Así va el mundo compartido en este año 2020 que finaliza… en ambos hemisferios del cerebro Tierra la librería vecinal está cerrada a cal y canto, lo mismo las peluquerías unisex para perros caniche. La gente compra “Esta bruma insensata” (última novela de Enrique Vila-Matas) en la plataforma Amazon y se sienta a esperar el cartero con el paquete que hay que desinfectar. Durante el encierro enmascarado el vecino del tercero se abona a Netflix con dos meses de promoción sin costo; mira por fin -en continuado de cinco episodios por tanda y otras tantas latas de cerveza- la integral de la serie que le recomendó el cuñado, la última vez que se encontraron en la Estación Central de Ferrocarriles Artigas. Esta lectura tiene hoy algo de speed dating en la confitería Del León, nueva modalidad del enamoramiento que augura el reino de eyaculaciones igual de precoces que los errores inexorables del casting romántico a ciegas. Las actividades humanas -hasta las más torpes- se realizan al ritmo de reloj del conejo de Alicia, con tapa decorada, a cuerda manual y que antes indicaba las horas con agujas y se guardaban en el bolsillo del chaleco de raso.

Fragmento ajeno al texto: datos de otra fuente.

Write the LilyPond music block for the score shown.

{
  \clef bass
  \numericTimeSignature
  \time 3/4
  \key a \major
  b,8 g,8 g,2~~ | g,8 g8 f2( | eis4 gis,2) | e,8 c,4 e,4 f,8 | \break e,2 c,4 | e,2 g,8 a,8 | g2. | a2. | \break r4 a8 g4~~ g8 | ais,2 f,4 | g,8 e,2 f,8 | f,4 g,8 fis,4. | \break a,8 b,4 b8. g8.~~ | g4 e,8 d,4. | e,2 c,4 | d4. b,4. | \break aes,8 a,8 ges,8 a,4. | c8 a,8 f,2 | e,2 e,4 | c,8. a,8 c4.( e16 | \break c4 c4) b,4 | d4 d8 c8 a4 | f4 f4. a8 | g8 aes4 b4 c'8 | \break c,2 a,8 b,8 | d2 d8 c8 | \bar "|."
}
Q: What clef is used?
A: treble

¿Habrá entre nosotros una segunda lectura que controle la primera impresión? ¿Quedaremos para otra copa de lo mismo la semana próxima? Esa segunda vez en otra taberna sin testigos, ni planillas impresas que vaticinaron nuestro encuentro, siguiendo algoritmos programados cruzando afinidades fluctuantes. Entrar en detalles en eso periférico de circunstancias resulta decepcionante, debemos aprovechar en consecuencia estos escasos minutos que tenemos por delante, que ya son sólo doce. Siendo apenas mensajero vengo a pasar una única idea aislada del cabecilla, que allá quedó en París confinado y se excusa por comisionar un narrador novato en representación. Él tiene nombre y pasaporte, yo soy espectro de palabras cruzadas creado ex profeso para esta misión suicida y bien definida en sus objetivos. Me siento un insecto narrativo efímero que tendrá una única duración de los minutos que están corriendo, luciérnaga destinada a una sola chispa de incandescencia que agotará su batería narrativa. En cuanto finalice la lectura de un tirón desapareceré del paisaje mental, sólo perdurará en la hora siguiente y si acaso, la memoria pastel de la muchacha embarazada cortando jamón según la profecía.

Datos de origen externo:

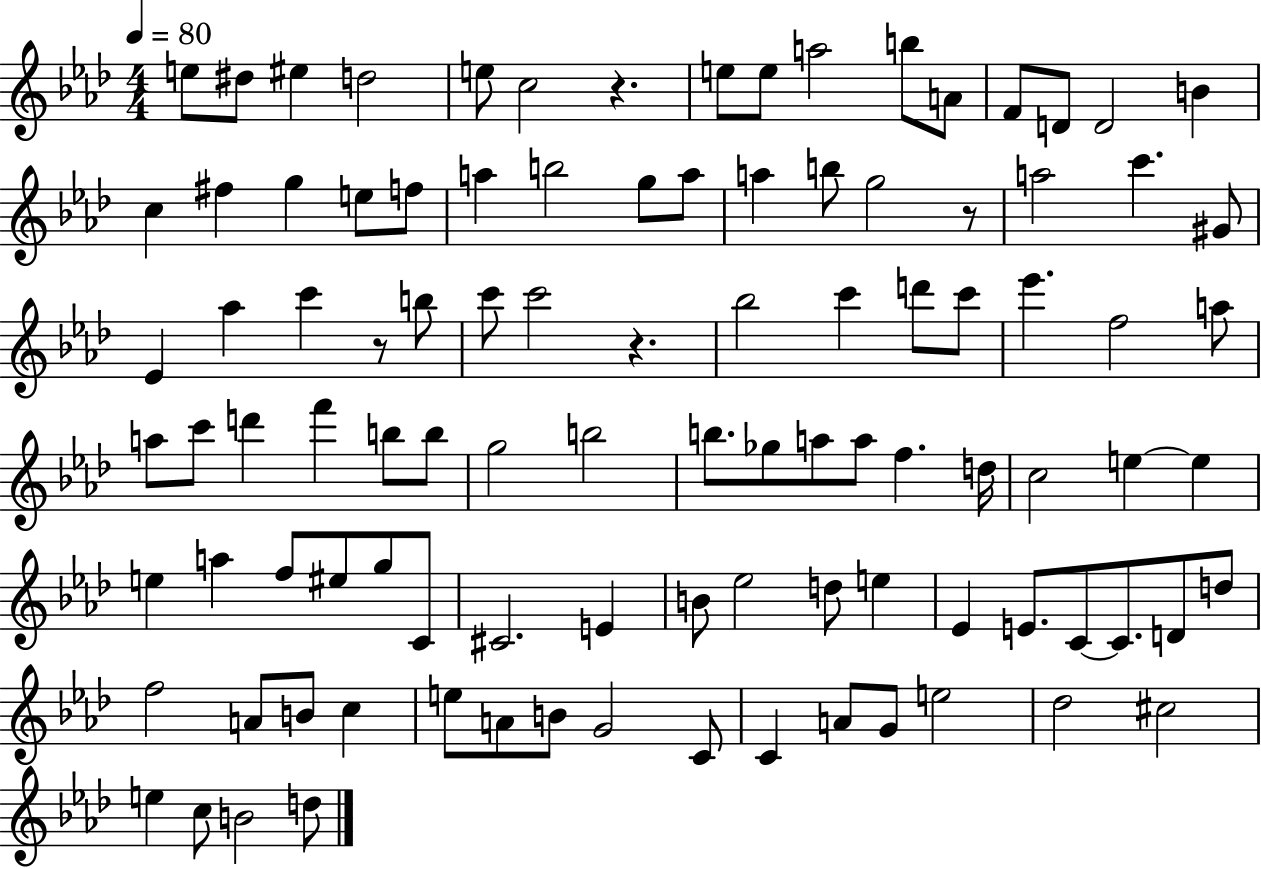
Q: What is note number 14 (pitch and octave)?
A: D4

Oh que sí… que fueron bien intensas las horas de preparación de nuestra complicidad durante la corrección y a pesar del encierro… El que ahora vive allá recluido, dudó al escribir si yo sería hombre o mujer cuando abriera la boca y es difícil saberlo si se lee el texto hasta el punto final. Con un poco de fantasía serial podría conjeturarse que soy una grabación traducida, que se autodestruirá en cinco segundos dando paso a los créditos de Misión Imposible. Tampoco él tenía claro si hacer pasar la acción aquí cerca en Bilbao -donde nació su abuelo Juan Nazario- o en La Roque Gageac, por escoltar el sino medieval que viene tentando espíritus confusos, amenazados por fuerzas invisibles de la Naturaleza. Incluso una mañana pasó bien cerca del peor de los lugares comunes en el invierno de nuestro descontento: el narrador sería alguien de su misma edad aguardando la ambulancia del coronavirus; sabe que será un traslado de emergencia sin retorno al lar familiar y quiere echar una última confesión, por si había algo de verdad en la primera comunión. Hay tanto de eso cotidiano empalagando el ecosistema narrativo, que por suerte renunció a la facilidad y yo me hubiera sentido fatal en actor invitado de Dr. House tercera temporada.

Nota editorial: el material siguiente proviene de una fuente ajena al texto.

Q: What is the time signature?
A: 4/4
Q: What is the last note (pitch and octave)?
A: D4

Luego de algunos días creo que logré convencerlo, lo único rescatable del proyecto encaminado era la imagen femenina suspendida, que motivó las ganas de apremiar un inédito y evocando Madonas de la escuela de Siena. En cuanto a las circunstancia de verosimilitud, lo preferible era evitar sobrecargar la barca; su entusiasmo comenzó en una visión recordando la serenidad del amanecer aterrizando en Madrid y que me parece sincera. El enclaustrado estaba fastidiado de caminar una hora por día dándole vuelta a la manzana cuadrada, sin tener perro con correa; discutir con colegas del Instituto de Narradores Anónimos en video conferencia; pasarse todo el santo día con sandalias Mephisto, escuchando a médicos pagados de sí mismos, llenando de palabrerío horas de tertulias sobre artistas de la tele realidad. Tanto tontaina dictando cátedra sobre máscaras chinas con gusto a salsa de soja agridulce, lavado de manos de cuarenta segundos con jabones de glicerina, gestos protectores de pantomima sin el genio Bip, ni poder descarrilar el tren de mercancías cargado de pangolines ofuscados.

Después de toda esa nefasta gestión del cotidiano, allá él si fue tocado por la nostalgia pictórica y le dio mono de sus horas de escala pasadas en el aeropuerto de Barajas durante años; quién lo hubiera pensado -siendo un ser sensible para la música- eso de caer en la variante azafata de drogas duras del consumo. Estoy convencido que fue su reacción cuando miró un reportaje sobre Madrid bajo presión de la epidemia, con su cortejo de féretros baratos y clínicas desbordadas, salas de urgencia emulando la nave de los locos; enfermeras tatuadas fumando entre sollozos, sentadas en las escalinatas lavadas con lejía después de cada mortaja desalojada de la morgue.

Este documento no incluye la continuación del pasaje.